Angesichts dieses Lasters, von dem wir merken, dass es sehr gefährlich ist, sehen die Meister der Spiritualität verschiedene Gegenmittel vor. Ich möchte auf das verweisen, das mir als das Wichtigste erscheint und das ich »die Geduld im Glauben« nennen möchte. Wenngleich unter der Geißel des Überdrusses das Verlangen des Menschen darin bestehen mag, »woanders« zu sein, aus der Wirklichkeit auszubrechen, muss man dagegen den Mut haben zu bleiben und in meinem »Hier und Jetzt«, in meiner gegebenen Situation die Gegenwart Gottes anzunehmen. Die Mönche sagen, dass für sie die Zelle die beste Lehrmeisterin des Lebens ist, weil sie der Ort ist, der konkret und täglich von deiner Liebesgeschichte mit dem Herrn spricht. Der Dämon des Überdrusses will gerade diese einfache Freude am Hier und Jetzt zerstören, dieses dankbare Staunen über die Wirklichkeit; er will dich glauben machen, dass alles umsonst ist, dass nichts einen Sinn hat, dass es nicht der Mühe wert ist, sich um irgendetwas oder irgendjemanden zu kümmern. Im Leben begegnen wir »überdrüssigen« Menschen, Menschen, von denen wir sagen: »Der ist aber langweilig!«, und wir sind nicht gern mit ihm zusammen; Menschen, die auch eine Haltung der Langeweile haben, die ansteckt. Das ist der Überdruss.

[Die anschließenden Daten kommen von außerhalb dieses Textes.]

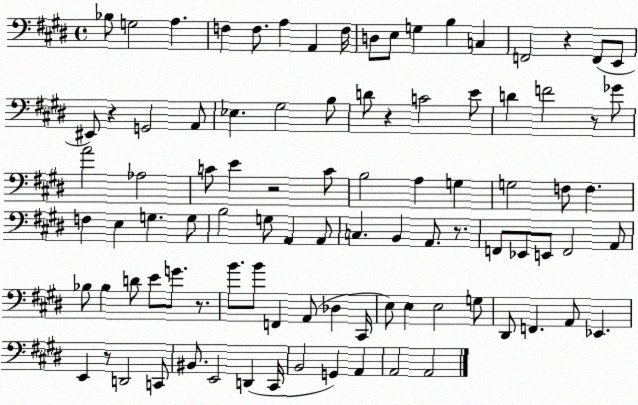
X:1
T:Untitled
M:4/4
L:1/4
K:E
_B,/2 G,2 A, F, F,/2 A, A,, F,/4 D,/2 E,/2 G, B, C, F,,2 z F,,/2 E,,/2 ^E,,/2 z G,,2 A,,/2 _E, ^G,2 B,/2 D/2 z C2 E/2 D F2 z/2 _G/2 A2 _A,2 C/2 E z2 C/2 B,2 A, G, G,2 F,/2 F, F, E, G, G,/2 B,2 G,/2 A,, A,,/2 C, B,, A,,/2 z/2 F,,/2 _E,,/2 E,,/2 F,,2 A,,/2 _B,/2 _B, D/2 E/2 G/2 z/2 B/2 B/2 F,, A,,/2 _D, ^C,,/4 E,/2 E, E,2 G,/2 ^D,,/2 F,, A,,/2 _E,, E,, z/2 D,,2 C,,/2 ^B,,/2 E,,2 D,, ^C,,/4 B,,2 G,, A,, A,,2 A,,2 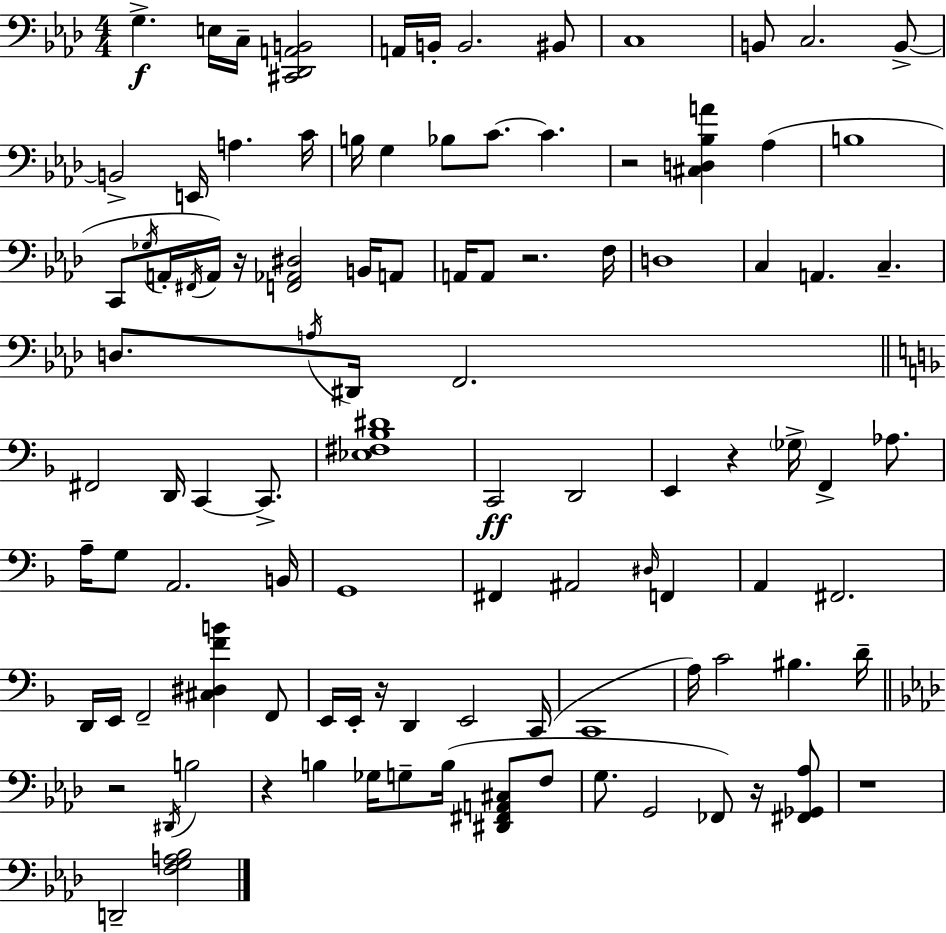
G3/q. E3/s C3/s [C#2,Db2,A2,B2]/h A2/s B2/s B2/h. BIS2/e C3/w B2/e C3/h. B2/e B2/h E2/s A3/q. C4/s B3/s G3/q Bb3/e C4/e. C4/q. R/h [C#3,D3,Bb3,A4]/q Ab3/q B3/w C2/e Gb3/s A2/s F#2/s A2/s R/s [F2,Ab2,D#3]/h B2/s A2/e A2/s A2/e R/h. F3/s D3/w C3/q A2/q. C3/q. D3/e. A3/s D#2/s F2/h. F#2/h D2/s C2/q C2/e. [Eb3,F#3,Bb3,D#4]/w C2/h D2/h E2/q R/q Gb3/s F2/q Ab3/e. A3/s G3/e A2/h. B2/s G2/w F#2/q A#2/h D#3/s F2/q A2/q F#2/h. D2/s E2/s F2/h [C#3,D#3,F4,B4]/q F2/e E2/s E2/s R/s D2/q E2/h C2/s C2/w A3/s C4/h BIS3/q. D4/s R/h D#2/s B3/h R/q B3/q Gb3/s G3/e B3/s [D#2,F#2,A2,C#3]/e F3/e G3/e. G2/h FES2/e R/s [F#2,Gb2,Ab3]/e R/w D2/h [F3,G3,A3,Bb3]/h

Wie viele Menschen haben, vom Überdruss gepackt, von einer gesichtslosen Unruhe bewegt, dummerweise den Weg des Guten verlassen, den sie eingeschlagen hatten! Der Kampf gegen den Überdruss ist ein entscheidender Kampf, den man um jeden Preis gewinnen muss. Und er ist ein Kampf, der nicht einmal die Heiligen verschont hat, denn in vielen ihrer Tagebücher gibt es Seiten, die von furchtbaren Augenblicken berichten, von echten Nächten des Glaubens, wo alles dunkel erschien. Diese heiligen Männer und Frauen lehren uns, die Nacht geduldig durchzustehen und die Armut des Glaubens anzunehmen. Vom Überdruss bedrückt, haben sie empfohlen, die Messlatte niedriger zu hängen, sich Ziele zu setzen, die mehr in greifbarer Nähe sind, aber gleichzeitig auszuharren und weiterzumachen, indem wir uns auf Jesus stützen, der uns in der Versuchung niemals verlässt.
Der Glaube, gequält von der Prüfung des Überdrusses, verliert nicht an Wert. Im Gegenteil, er ist der wahre Glaube, der äußerst menschliche Glaube, der trotz allem, trotz der Finsternis, die ihn blind macht, noch immer demütig glaubt. Es ist jener Glaube, der im Herzen bleibt, wie die Glut unter der Asche. Er bleibt immer. Und wenn jemand von uns diesem Laster oder einer Versuchung des Überdrusses verfällt, dann möge er versuchen, in sein Inneres zu schauen und die Glut des Glaubens zu bewahren: So geht man voran.
Fußnote
(1) Evagrius Ponticus, De octo spiritibus malitiae tractatus , 14.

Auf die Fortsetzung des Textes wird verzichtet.